Despite Western attacks on them in Yemen, the Houthis have vowed to continue targeting ships linked to Israel until attacks on Palestinians in the Gaza Strip stop

Reuters
Published : 19 Feb 2024, 04:02 PM
Updated : 19 Feb 2024, 04:02 PM

Yemen's Houthi militants said on Monday they had attacked another cargo vessel in the Gulf of Aden which was at risk of sinking, raising the stakes in their campaign to disrupt global shipping in solidarity with Palestinians in the Gaza war. 

The Iran-aligned Houthis have made repeated drone and missile strikes since November in the Red Sea and Bab al-Mandab Strait, drawing U.S. and British bombing against them. 

Houthi military spokesperson Yahya Sarea said in a statement that the Rubymar's crew was safe but that the ship was badly damaged and at risk of sinking. The Belize-flagged, British-registered and Lebanese-managed vessel was attacked on Sunday. 

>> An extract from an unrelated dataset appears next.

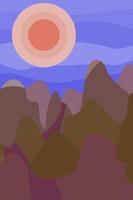 Minimalistic landscape sunrise in the mountains..eps vector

The Houthis had also shot down a U.S drone over the Yemeni port Hodeidah, Sarea added. 

Security firm LSS-SAPU, in charge of safety on the Rubymar, said the crew evacuated after two missiles hit. They were picked up by another commercial ship which took them to Djibouti. 

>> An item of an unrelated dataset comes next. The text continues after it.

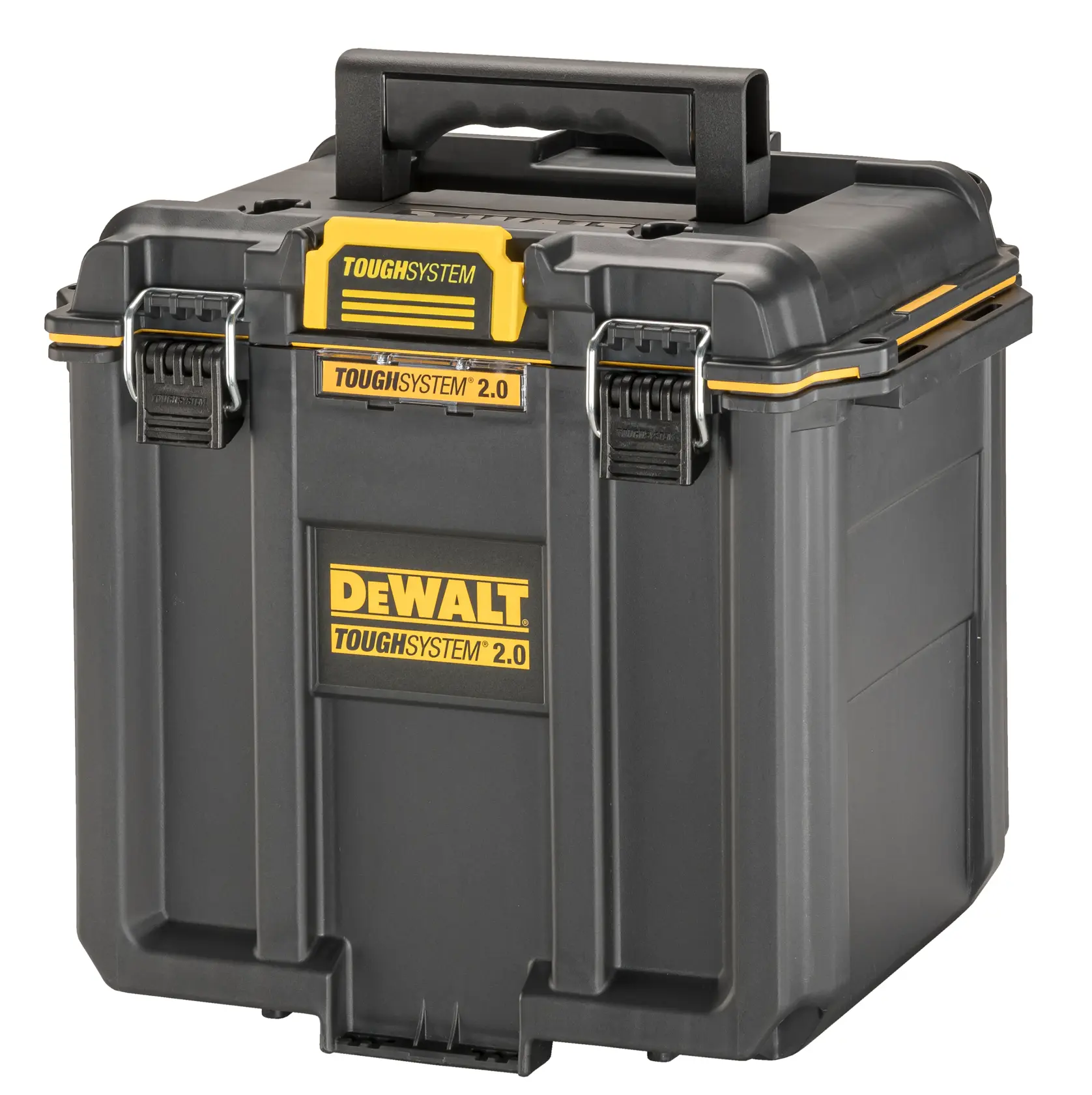 Une boîte de rangement DEWALT ToughSystem 2.0 au design noir et jaune, équipée d'une poignée solide et de loquets métalliques sécurisés.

"We know she was taking in water," LSS-SAPU told Reuters in comments by phone. "There is nobody on board now ... The owners and managers are considering options for towage." 

So far, no ships have been sunk nor crew killed from the attacks in a sea lane accounting for about 12% of global maritime traffic. Some companies have chosen to go the longer and more expensive route via the southern tip of Africa.

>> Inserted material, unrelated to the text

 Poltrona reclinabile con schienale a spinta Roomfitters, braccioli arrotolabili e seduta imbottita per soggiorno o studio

Despite Western attacks on them in Yemen, the Houthis have vowed to continue targeting ships linked to Israel until attacks on Palestinians in the Gaza Strip stop. 

GREEK-FLAGGED SHIP HIT 

In a second incident within hours, a Greece-flagged, U.S.-owned bulk carrier with 23 crew members was attacked twice on Monday by missiles, with a window damaged but no injuries to personnel, Greek shipping ministry sources said. 

The vessel was taking grain from Argentina to Aden. 

Seafarers in the firing line have signed industry wide agreements giving them rights to refuse to sail on ships passing through the Red Sea and to receive double pay when entering high-risk zones. 

Shipping industry associations on Monday called for the release of the 25 crew members of the Galaxy Leader commercial ship hijacked by the Houthis three months ago. 

"The 25 seafarers who make up the crew of the Galaxy Leader are innocent victims of the ongoing aggression against world shipping," the associations said. "It is abhorrent that seafarers were seized by military forces and that they have been kept from their families and loved ones for too long." 

The CEO of QatarEnergy, the world's second largest exporter of liquefied natural gas (LNG) which has stopped sailing via the Red Sea, said the disruption was delaying deliveries. 

Container shipping, which transports consumer goods, is also starting to feel the impact from re-routing ships. S&P Global Market Intelligence said in a report on Friday that the apparel industry was now expecting higher costs and delays. 

The Houthis, who control Yemen's most populous regions, have targeted vessels with commercial ties to the United States, Britain and Israel, shipping and insurance sources say. 

War risk insurance premiums have crept higher and are now around 1% of the value of the vessels, before various discounts which still works out at hundreds of thousands of dollars of additional costs per voyage, insurance sources said. 

"Shipping companies must weigh up the increased costs and journey times against the risk to their vessels, and, most importantly, the safety of the crew onboard," insurance broker Gallagher Speciality Marine said in a report last week.